There's a very nice comparisson of ten historic performances of the Brahms' transcription at


----------



## kangxi (Jan 24, 2014)

Hi HH,
Thanks for the links. You're right - this is the piece I'm asking about, and the historical survey is indeed fascinating. But: can anyone point to the original aria, ensemble, interlude, entr'acte, dance, or whatever its form in its original version?
(This is one of those pieces which, completely unexpectedly, worms its way into the crevices of your brain and lingers for an age. Well, it has for me.)


----------



## Metairie Road (Apr 30, 2014)

The recording of Gluck's Iphigenie an Aulide that you mention (Moffo/Auger etc.) is of the revised 1847 version by Richard Wagner sung in German. Wagner dropped all the airs and ballets from his revision.

You need to get hold of a recording of the original french version. John Eliot Gardiner's recording on the Erato label for example, which includes all the material omitted from the Wagner revision.

The piece you refer to (that Brahms based his piano arrangememt on) is in the Passacaille (Ballet) section.









I'm not knocking Wagner's version, it has it's merits (the amazing extended overture for instance) and he probably had sound reasons for his severe editing. Mostly brevity I think. He was handed this project by his patron at the time, and one would assume he didn't want to spend any more time arranging another composers work than was neccessary. But that's just a guess on my part.

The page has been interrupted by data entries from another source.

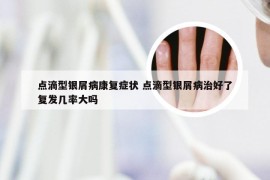 点滴型银屑病康复症状 点滴型银屑病治好了复发几率大吗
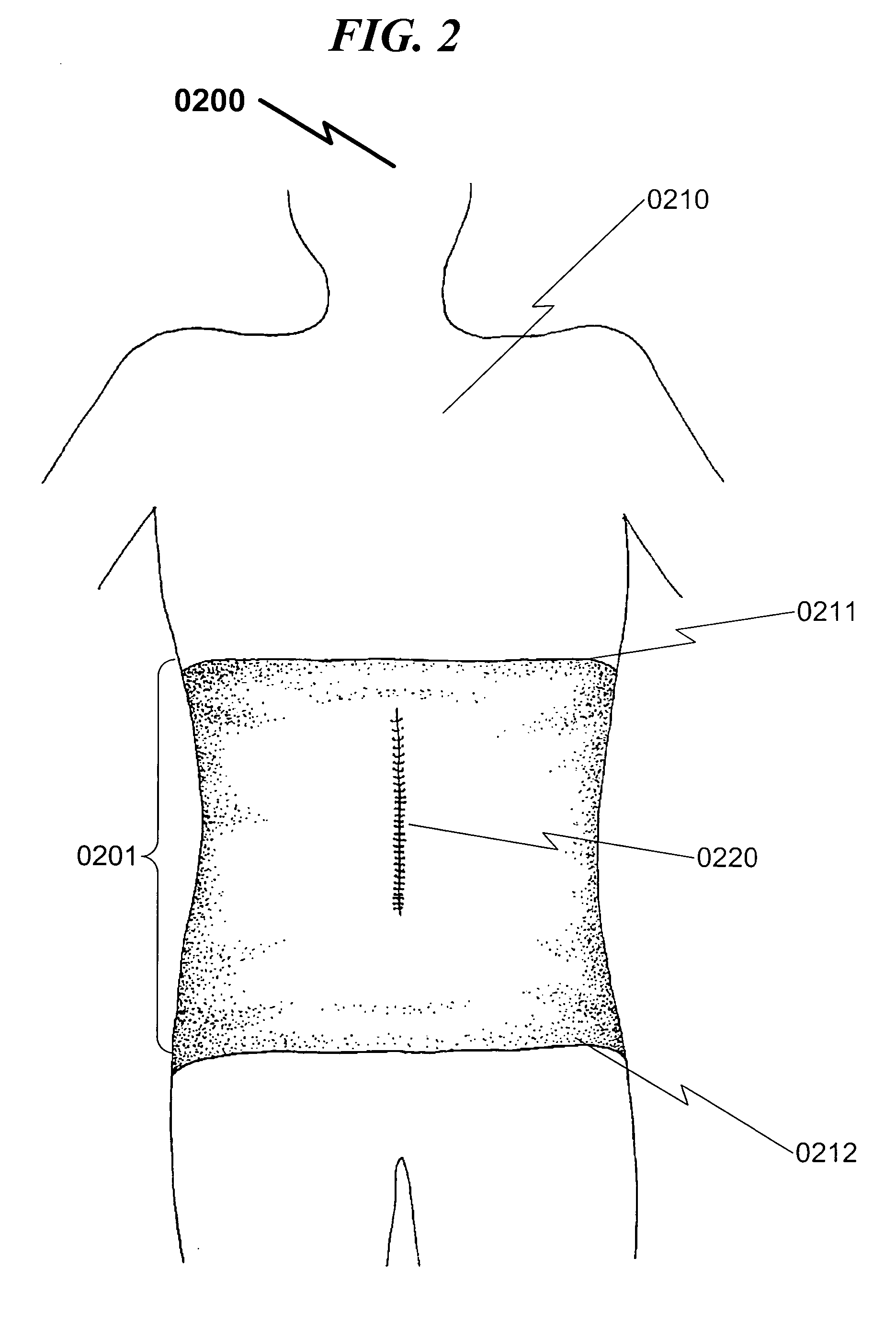 Surgical binder undergarment system and method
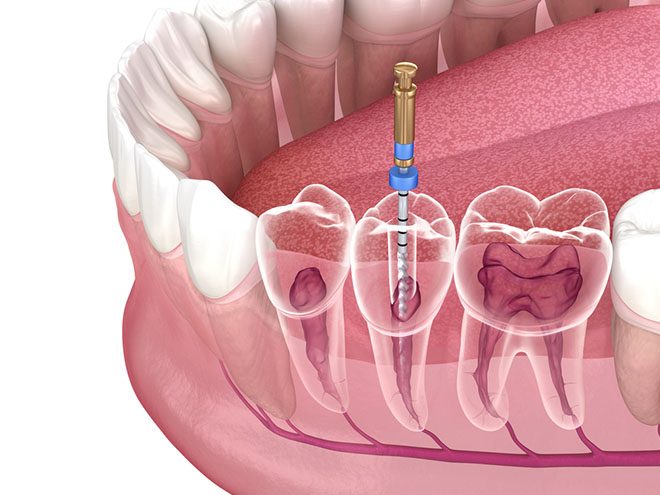 Root Canal Treatment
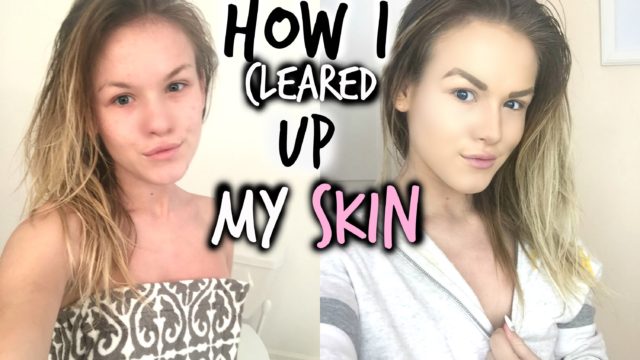 My Winter Skincare Routine | How I Cleared My Skin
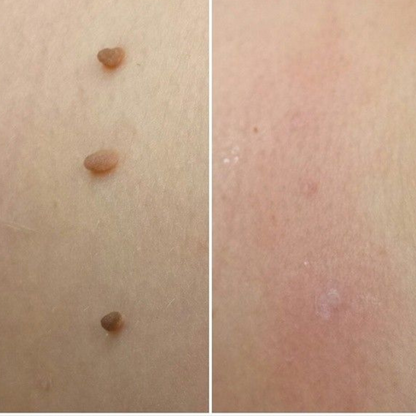 Levia™ — Addio fibromi cutanei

Iphigenia in Aulis, Opera Ballet Music: VIII. Gavotte in A Major 





Best wishes
Metairie Road


----------



## kangxi (Jan 24, 2014)

Metairie Road, Many thanks - that was brilliant! I've just checked the (very) slim booklet that came with the opera, and there it is in small print: "revised version by Richard Wagner." I shall try and get hold of a full version of the opera.
And double thanks for providing me with the performance of the original gavotte. It's a lovely piece but I reckon that Brahms added some personal touches of his own to transform a beautiful piece of music into a superb one. Maybe it's the way he utilises the top and bottom of the keyboard rather then stick to the middle range as Gluck did.
So: mystery solved, and thanks again to both contributors.
(Now that Gluck's in my head as well I'm off to listen to Elisabeth Schwarzkopf warble the 'glip, glap, glue' of her little brook.)


----------